* _Provided records_:

┌──

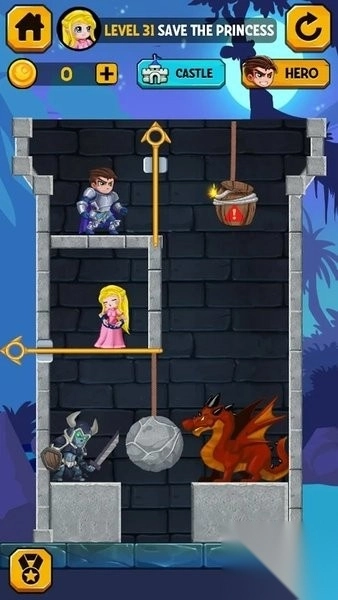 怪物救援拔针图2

└──
┌──

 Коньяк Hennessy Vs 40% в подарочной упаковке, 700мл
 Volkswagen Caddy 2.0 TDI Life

└──

* _Exercise_: From the records above, quote only the lines running from the line with "Коньяк Hennessy Vs" to the line with "Volkswagen Caddy 2.0 TDI Life", both lines included.

* _Result_:
 Коньяк Hennessy Vs 40% в подарочной упаковке, 700мл
 Volkswagen Caddy 2.0 TDI Life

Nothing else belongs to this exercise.